I think if it's purely to measure hw-throughput (not some arbitrary art-style powered visual appeal) that can work. It's just important to keep in mind 'what' we're measuring. When I complained about CT compared to simulation heavy open-world games, that wasn't in reference to 'polygons on screen' - just everything else those games do (which for open-world titles back then was the real bottleneck - pushing polys was mostly on the backburner).
 
Last edited:
So VF 4 did not use the power of PS2, but does Tekken 4 or 5, or SC3, or any PS2 elite fighter looks 40% better than VF 4 Evolution?
unfortunately no fighting game pushes the ps2 even close to its limits, I mean until the beginning of the sixth gen with Tekken Tag, fighting games received prominence and big budget but as it became cheap to just make a game that works, they took their foot off the accelerator. for example DOA3 is running on a very powerful system being described as an 8.4M game according to urban legend I don't need to say how much superior to the arcade version of VF4 it is. To make matters worse, some teams at Sega have always made games PS2 grudgingly.

According to the user who extracts the models from DC/Naomi VF4, in overview, 120k poly per frame (the limit) 60fps 7.2M is the limit in real world games on Naomi 2 (all games) I'm not sure but the data I have says that VF4 operates with 5 light sources.
In the fight when it says ''round 1'' Naomi 2 pushes ~ 80k so it's 5M in-game. The PS2 version does in game 2,5 to 3,6M 3 light sources.

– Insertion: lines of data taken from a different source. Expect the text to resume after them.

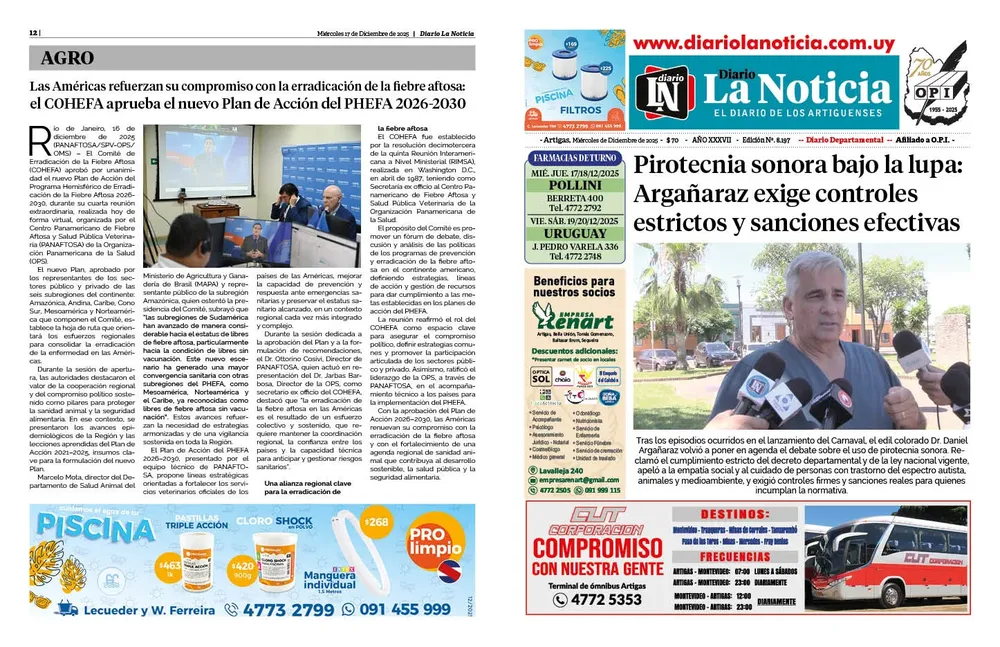 DIARIO de 12 PAGINAS TODOS LOS DIAS 17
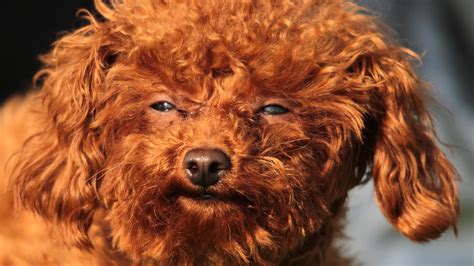 Maybe you would like to learn more about one of these? This Is What Will Happen to Your Dog If You Give It Weed ...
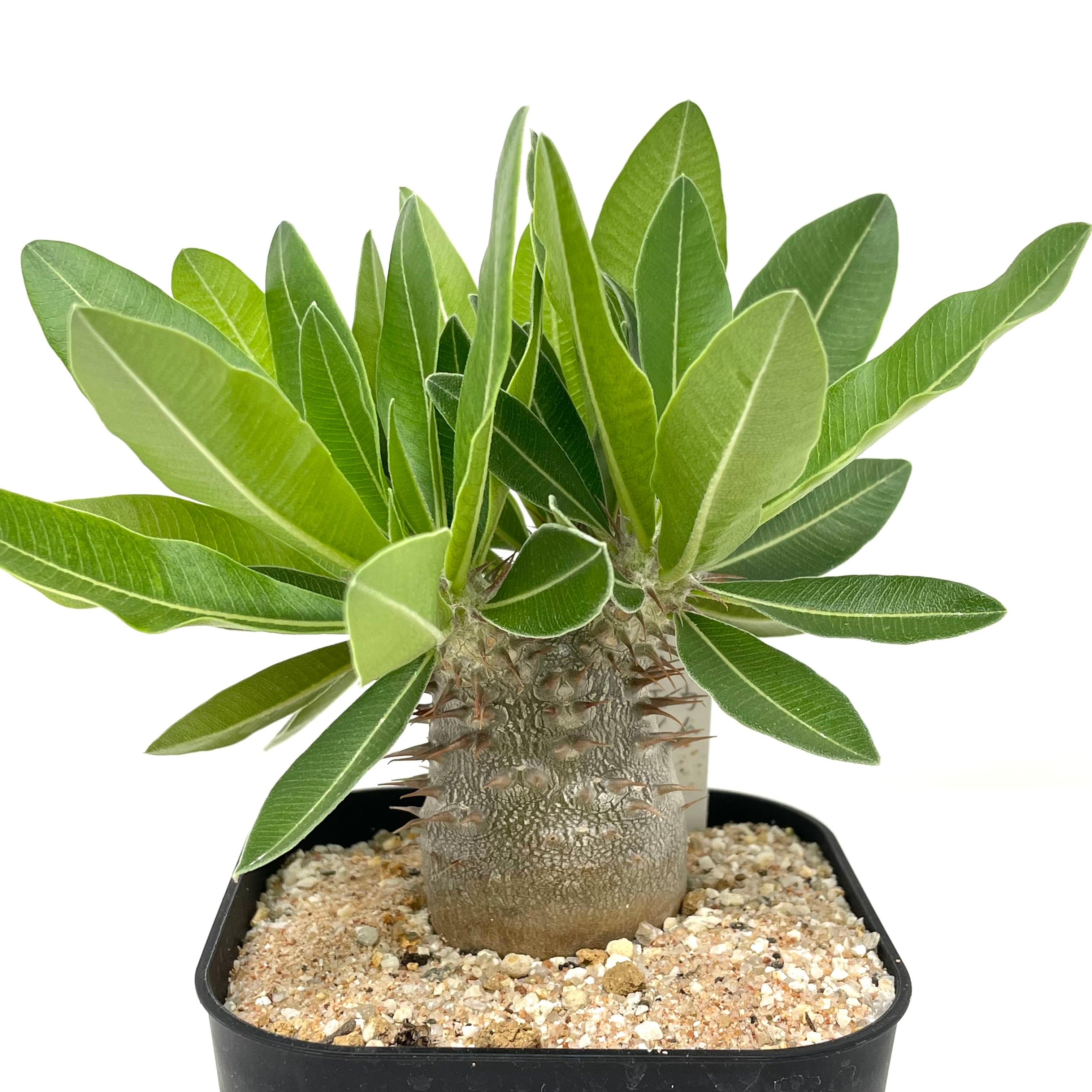 パキポディウム マカイエンセ 実生 - 植物/観葉植物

Games like Tekken 5 and SC3 are also far from making good use of the ps2 hardware, I mean Namco was focused on making the Tekken franchise evolve but then retreated again finding the sweet spot in Tekken 5, SC3 is a glorified SC.

The PS2 lacked that fighting game with characters with 15,000 polygons, fake bump mapping, lots of particles like in Burnout, etc.
an intermediate game between doa3 (xbox) and sc3, even low poly with fake shaders etc.

PS2 (contrary to popular belief) was the console that had the least correctly used hardware in history, only Shadow of the Colossus, MGS3 and Hitman made decent use of the console, all those 60fps games you know could have been even better at 25~30fps all them.
 
Last edited:
It's been awhile since I've looked this up - but more importantly - like with all programmable shader solutions, the answer is 'it depends' - on type and composition of lights.
IIRC - single VU throughput worked out roughly as follows.
Precomputed/no lights -> 40M pp/s
4 directional lights -> 18M pp/s
8 -> 12Mpp/s.
6 point(or spot)-lights ~6Mpp/s

I could write an essay here on (lack of)practicality of using 6 influencing point-lights 'per polygon' on entire scene basis - but suffice to say it woud require some pretty exotic setup that games of that era just didn't do(it really only starts to make sense if you're doing virtual point-lights to simulate GI, and vertex density has to go above gen-6 or switch to pixel-light sources entirely, to really benefit going from 3 influencing lights to 6). So usually numbers would be some combination of there-of. Flipside is that very few games of that era were actually vertex-limited to begin with - average 3rd party game on PS2/GC/XBox ran around 3mpp/s - and it wasn't because geometry processing was running slow.
Now - it 'was' technically possible to double those numbers (two VUs doing geometry) but this was quite uncommon setup (and largely unnecessary because - rasterization throughput of 10-20M rendered polygons was on the very high end for that generation of consoles - even with XBox GPU).
Thank you very much for the technical opinion. In my layman's opinion, the Naomi 2 would be more competitive hardware against the ps2 despite the ps2 having the edge. The King of Route 66 runs on Naomi 2 with 120k per frame, ps2 version has the same geometry the same, with only 26,000 tris per frame, it also has better lighting.
try to remember the 100k boss from the horror game.